Reden und Zuhören sind nicht nur Worte

Claudius formuliert intuitiv, was die Kommunikationspsychologie durch zahlreiche Untersuchungen belegt hat: 55 Prozent der Kommunikation läuft über Körpersprache, über Mimik und Gestik, 38 Prozent läuft über den Stimmklang und die Art des Sprechens. Lediglich sieben Prozent vermittelt sich den Kindern über den Inhalt, den Sinn der Worte. Missverständnisse in der Eltern-Kind-Kommunikation haben ihre Ursache in der Unklarheit, mit der viele Erwachsene Absichten und Grenzen formulieren.

Eltern überschätzen nicht allein die Wirksamkeit ihrer Worte und Anweisungen. Sie unterschätzen zugleich, wie wichtig es ist, sich dem Kind zuzuwenden, Kontakt zu ihm aufzunehmen, wenn sie ihm etwas mitteilen wollen. Kinder – und Erwachsene natürlich auch! – wünschen, angesprochen zu werden, sie wollen sich angesprochen fühlen.

Wenn Erwachsene reden, dann achten sie auf das Gesprochene, den Inhalt, versuchen, mit Argumenten zu überzeugen, und dort, wo sie bei Kindern nicht weiterkommen, manchmal mit Verboten oder Bestechungen nachzuhelfen.

Kinder kommunizieren dagegen ganzheitlicher. Dies gilt es zu bedenken, wenn man mit ihnen und zu ihnen redet.

Wie Kinder reden und zuhören

Zunächst erfolgt die Kontaktaufnahme über die Augen – möglichst auf gleicher Höhe. Dann die Kontaktaufnahme über die körperliche Berührung, um den eigenen Worten Nachdruck zu verleihen. Wohlgemerkt: Wenn man wütend und zornig ist, darf man niemals ein Kind anfassen! Dann wird aus der gut gemeinten Berührung schnell körperliche Gewalt, die wehtut. Und schließlich: die eindeutige Sprache.
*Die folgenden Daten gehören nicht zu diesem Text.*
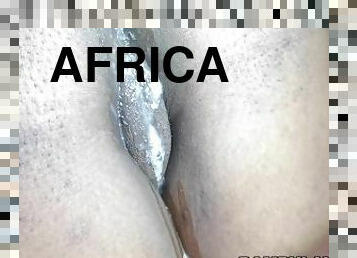 rumpe, doggy, amatør, ebony, interracial, creampie, svart, par, cum, afrikansk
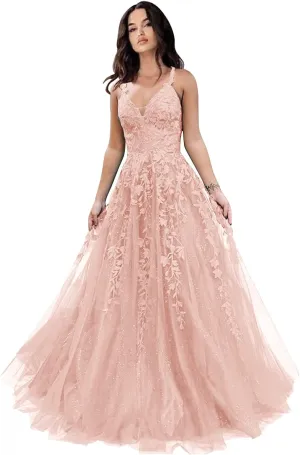 Tulle Prom Dresses for Women 2025 Sparkly Lace Appliques Long Ball Gowns Spaghetti Straps A-Line Evening Gowns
Aus der Sicht der Kinder kommt ein wichtiges Element hinzu: Mimik und Gestik müssen mit dem Klang der Stimme, der Klang der Stimme muss mit dem Inhalt übereinstimmen. Ein „Nein!“, bei dem gelächelt wird, nehmen Kinder genauso wenig ernst wie ein gleichgültig dahin gesagtes „Lass das, bitte!“. Kinder brauchen authentische Botschaften, müssen wissen, woran sie sind. Bekommen sie keine Klarheit, dann sorgen sie mit ihren Mitteln für Deutlichkeit.

Nicht nur wenn Kinder, sondern auch Erwachsene pauschale Vorwürfe hören, können sie schlecht damit umgehen. Sätze wie „Du räumst nie auf!“, „Du bummelst nur!“, „Du kommst immer zu spät!“, „Du bist immer so frech!“ entmutigen Kinder nicht nur, sie bringen Erwachsene auch dazu, Kinder nur noch unter bestimmten negativen Gesichtspunkten zu betrachten. Kinder entwickeln umgekehrt Minderwertigkeitsgefühle, Wünsche nach Rache und Vergeltung. Sie treten mit den anklagenden Eltern in einen Machtkampf ein, machen das familiäre und häusliche Zusammenleben zur Hölle.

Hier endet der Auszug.